I am asking this question to verify my thought process which involves using induction to solve a problem. I am sure there's a solution to this on MSE but I am asking this question to ascertain my thought process and to know if I am using induction correctly.
The following question is the problem number $3$ of IMO $1988$.
Question:
A function $f$ is defined on the positive integers by $$f(1) = 1,f(3) = 3$$ $$f(2n) = f(n)$$ $$f(4n + 1) = 2f(2n + 1) − f(n)$$ $$f(4n + 3) = 3f(2n + 1) − 2f(n)$$ for all positive integers $n$. Determine the number of positive integers $n$, less than or equal to $1988$, for which $f(n) = n$.
My thought process: Right off the bat, we can conclude that $f(2^k)=1$ for all positive integers $k$. Also, if $n=n_o \times 2^k$ where $n$,$n_o$, and $k$ are all positive integers, then $f(n)=f(n_o)$ assuming $n_o$ is odd. So it suffices to focus on just odd positive integers.

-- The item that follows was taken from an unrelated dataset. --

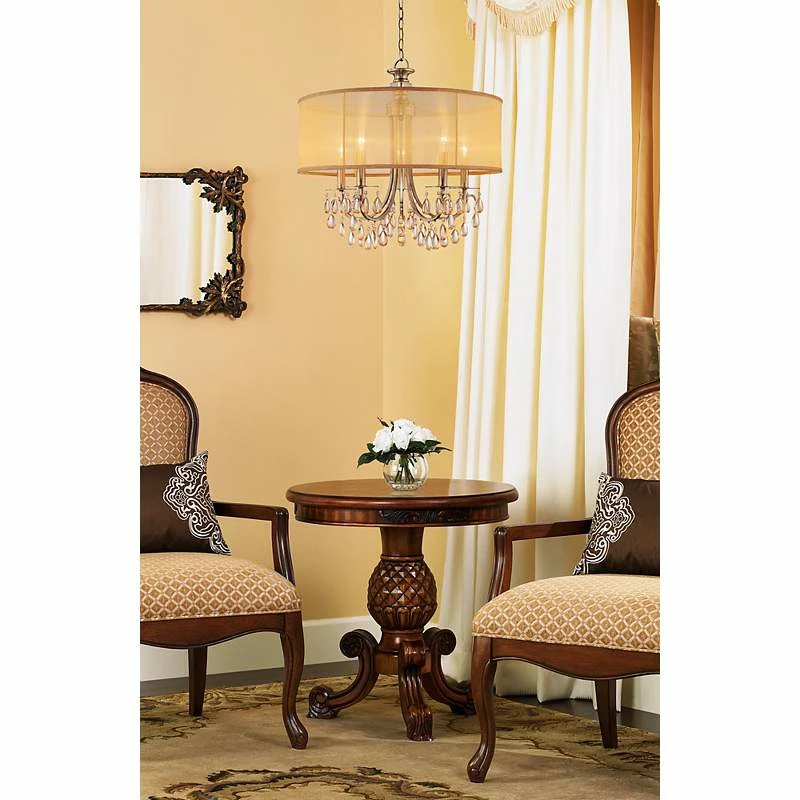 Hampton Collection Antique Brass 24" Wide Chandelier 3 Hampton Collection Antique Brass 24" Wide Chandelier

It is also very easy to show that $f(n)=n$ whenever $n$ differs by a power of $2$ by $1$. So we get a long list of numbers like $7,9,15,17$ etc. which satisfy the requirement of $f(n)=n$. The bizarre thing for me was that there are numbers like $21$ and $27$ which satisfy the given requirement.
Also, the more bizarre thing was that the value of the function for integers $n$ which do not satisfy the requirement of $f(n)=n$, seemed somewhat random. For instance, $f(11)=13$, and $f(19)=25$. Then I observed that $f(13)=11$ and $f(25)=19$ essentially suggesting that perhaps, $f(f(n))=n$.
Also, since the few solutions I could formalize had something to do with power of two, I started looking at binary expansion of numbers. Then it hit me. The binary expansion of $11$ is $1011$ and that of $13$ is $1101$. So this function takes the binary number and reverses the bits! So the final answer would be $92$, number of "binary palindromes" less than or equal to $1988$ :).
Here's my question. I can easily prove that this is indeed the case but that requires induction. Following is the statement for the induction statement.
Induction statement: For all integers $k<4n$, the given function $f(k)$ maps integers $k$ to integers obtained by reversing the bits in the binary expansion of the number $k$.
The function can be evaluated manually and we can ascertain the base case till, for instance, $n=4$. If we now have to prove this statement to be true for $n+1$, we'll have to essentially show that it is true for $k=4n+1$ and $k=4n+3$, as the other two numbers are covered by the base case once we remove a factor of $2$ from them.
The proof involves assuming a certain binary expansion for $n$, and showing that this is indeed true. In the proof, I'll need to assume that value of $f(2n+1)$ and $f(n)$ can be assumed to be as stated in the inductive statement as they are less than $4n$. It is quite easy and I am not giving an entire proof here because all I need to know is if the way I plan to use induction is right or wrong. Please let me know if I have defined the inductive step correctly.